Work item
Please return all of the records verbatim, with the pictures omitted.

Dataset entries

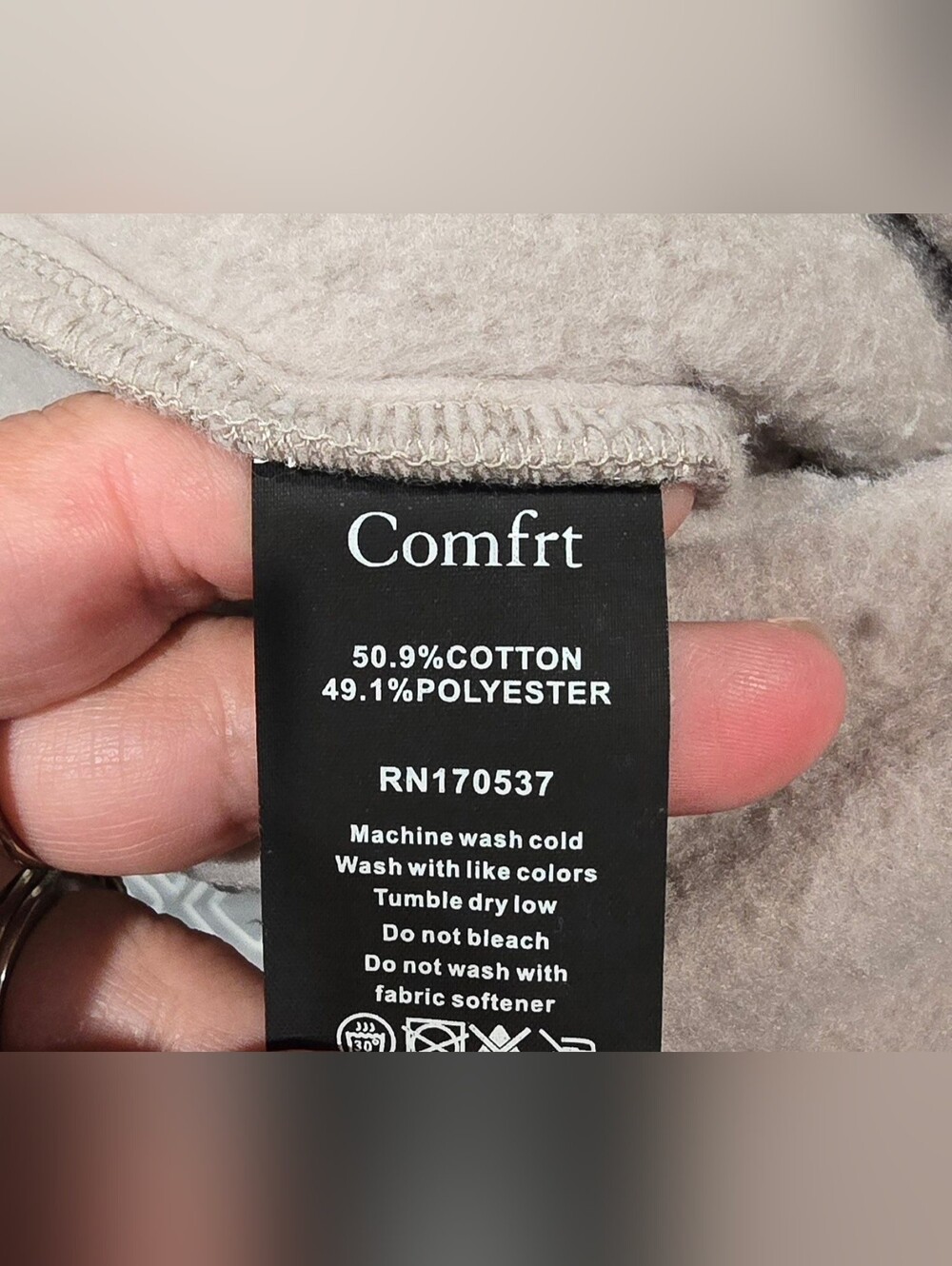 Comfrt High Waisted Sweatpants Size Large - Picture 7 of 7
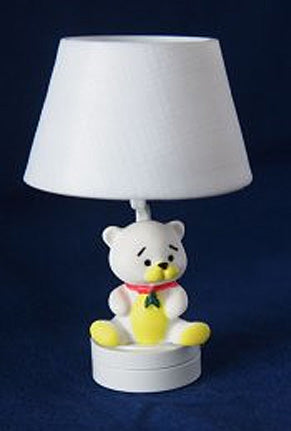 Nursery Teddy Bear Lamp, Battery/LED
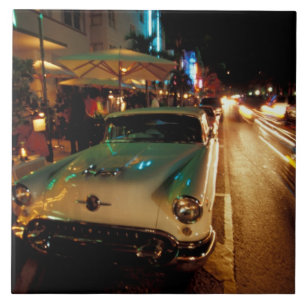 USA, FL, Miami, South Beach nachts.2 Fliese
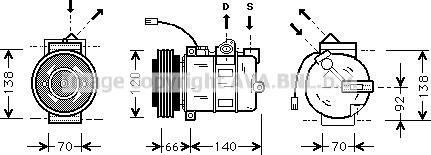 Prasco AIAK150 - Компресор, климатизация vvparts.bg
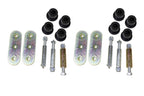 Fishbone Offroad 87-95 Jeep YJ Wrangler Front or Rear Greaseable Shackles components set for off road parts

Answer for the task
 Comfrt High Waisted Sweatpants Size Large - Picture 7 of 7
 Nursery Teddy Bear Lamp, Battery/LED
 USA, FL, Miami, South Beach nachts.2 Fliese
 Prasco AIAK150 - Компресор, климатизация vvparts.bg
 Fishbone Offroad 87-95 Jeep YJ Wrangler Front or Rear Greaseable Shackles components set for off road parts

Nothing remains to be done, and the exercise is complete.